Extracted data entries:
++++++++++
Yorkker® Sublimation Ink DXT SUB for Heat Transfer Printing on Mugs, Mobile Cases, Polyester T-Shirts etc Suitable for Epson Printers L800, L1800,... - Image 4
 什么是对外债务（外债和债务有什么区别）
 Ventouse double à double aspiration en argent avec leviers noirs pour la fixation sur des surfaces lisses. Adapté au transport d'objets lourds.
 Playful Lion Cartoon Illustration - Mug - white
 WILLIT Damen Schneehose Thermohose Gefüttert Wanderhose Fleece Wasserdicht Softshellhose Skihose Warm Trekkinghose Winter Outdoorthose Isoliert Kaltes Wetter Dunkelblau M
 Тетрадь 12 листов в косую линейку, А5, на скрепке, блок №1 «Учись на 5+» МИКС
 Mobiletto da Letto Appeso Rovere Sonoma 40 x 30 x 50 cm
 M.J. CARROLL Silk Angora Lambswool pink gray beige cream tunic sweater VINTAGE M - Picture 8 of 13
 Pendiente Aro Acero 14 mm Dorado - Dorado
++++++++++
Exercise aim: Up to and including the line that holds "M.J. CARROLL Silk", reproduce the records above exactly from their first line, and give nothing else.

Solution for this task:
Yorkker® Sublimation Ink DXT SUB for Heat Transfer Printing on Mugs, Mobile Cases, Polyester T-Shirts etc Suitable for Epson Printers L800, L1800,... - Image 4
 什么是对外债务（外债和债务有什么区别）
 Ventouse double à double aspiration en argent avec leviers noirs pour la fixation sur des surfaces lisses. Adapté au transport d'objets lourds.
 Playful Lion Cartoon Illustration - Mug - white
 WILLIT Damen Schneehose Thermohose Gefüttert Wanderhose Fleece Wasserdicht Softshellhose Skihose Warm Trekkinghose Winter Outdoorthose Isoliert Kaltes Wetter Dunkelblau M
 Тетрадь 12 листов в косую линейку, А5, на скрепке, блок №1 «Учись на 5+» МИКС
 Mobiletto da Letto Appeso Rovere Sonoma 40 x 30 x 50 cm
 M.J. CARROLL Silk Angora Lambswool pink gray beige cream tunic sweater VINTAGE M - Picture 8 of 13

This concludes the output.